## WORK TO BE COMPLETED
From the first line down to the line containing "Theia Multicolor Floral-Print", print the records below exactly, leaving every picture out.

## TASK INPUT
::::::::
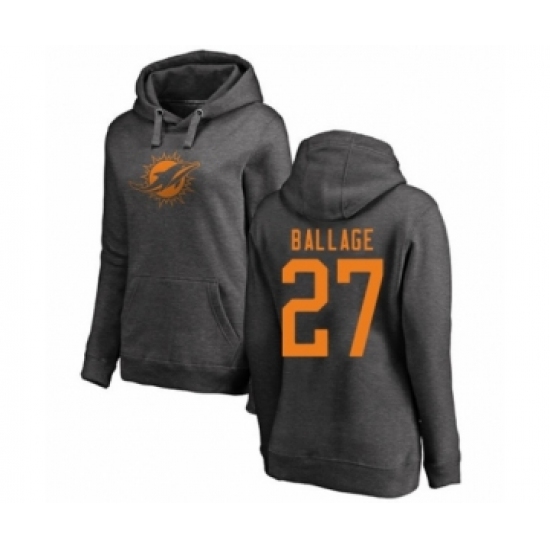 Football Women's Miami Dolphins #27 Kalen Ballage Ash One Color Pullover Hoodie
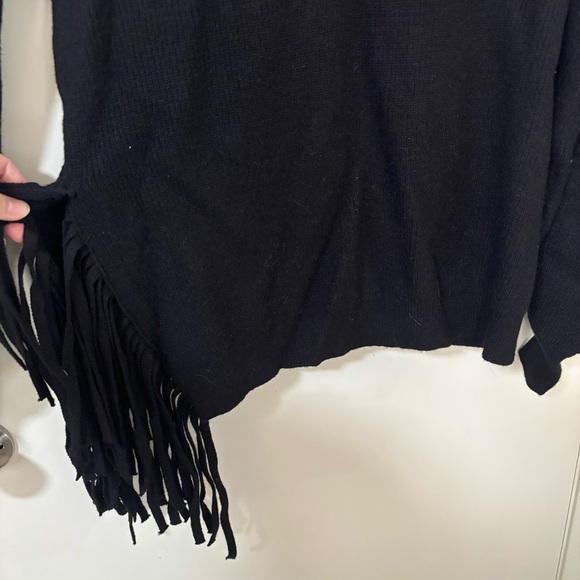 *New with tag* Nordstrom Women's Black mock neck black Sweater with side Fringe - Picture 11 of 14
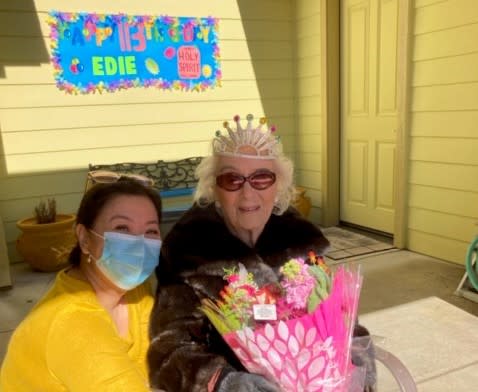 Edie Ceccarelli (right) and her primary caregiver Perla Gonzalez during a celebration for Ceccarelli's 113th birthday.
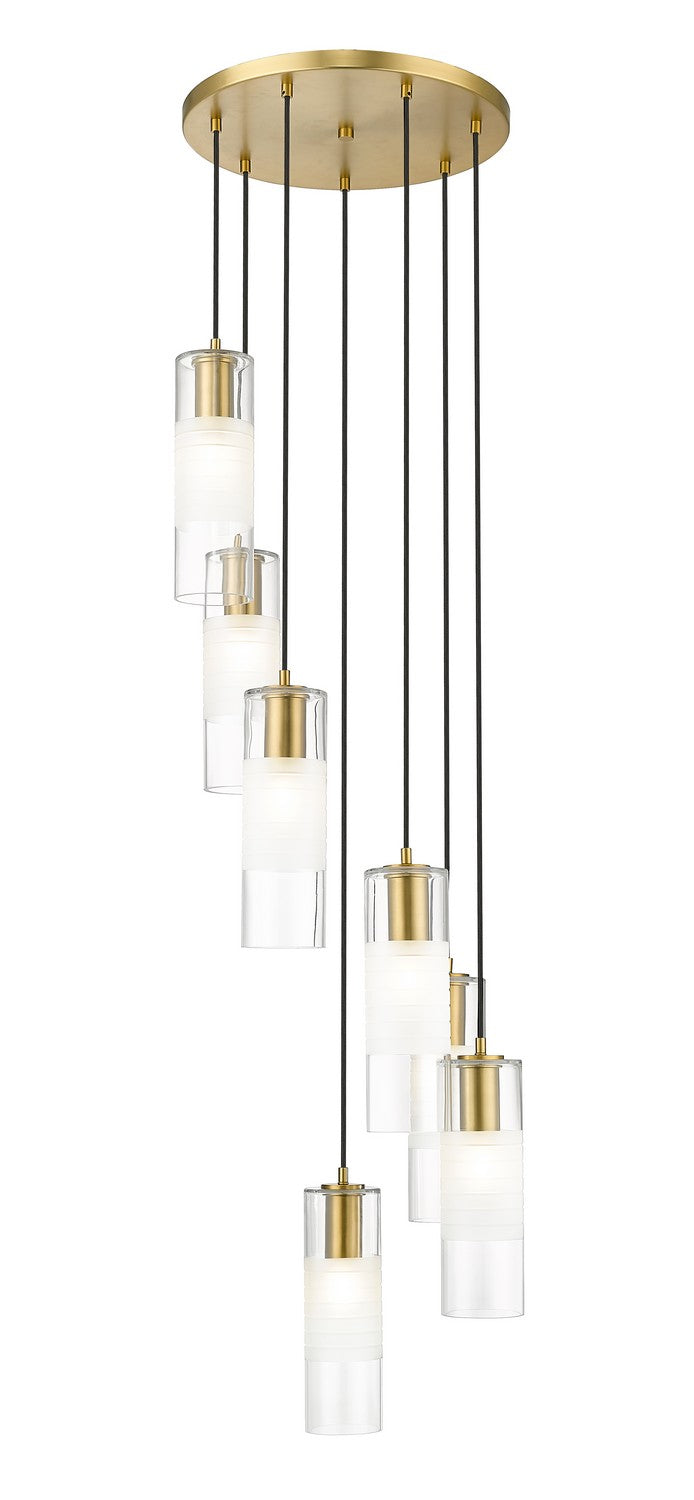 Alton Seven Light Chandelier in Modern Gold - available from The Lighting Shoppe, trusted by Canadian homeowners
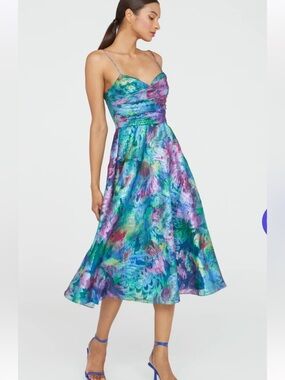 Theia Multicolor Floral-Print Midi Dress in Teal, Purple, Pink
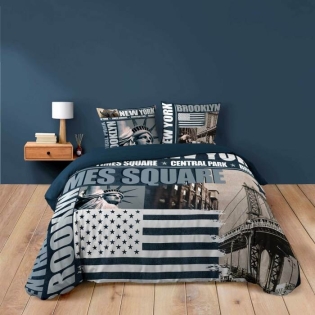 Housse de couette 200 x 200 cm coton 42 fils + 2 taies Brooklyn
::::::::
## EXPECTED OUTPUT
 Football Women's Miami Dolphins #27 Kalen Ballage Ash One Color Pullover Hoodie
 *New with tag* Nordstrom Women's Black mock neck black Sweater with side Fringe - Picture 11 of 14
 Edie Ceccarelli (right) and her primary caregiver Perla Gonzalez during a celebration for Ceccarelli's 113th birthday.
 Alton Seven Light Chandelier in Modern Gold - available from The Lighting Shoppe, trusted by Canadian homeowners
 Theia Multicolor Floral-Print Midi Dress in Teal, Purple, Pink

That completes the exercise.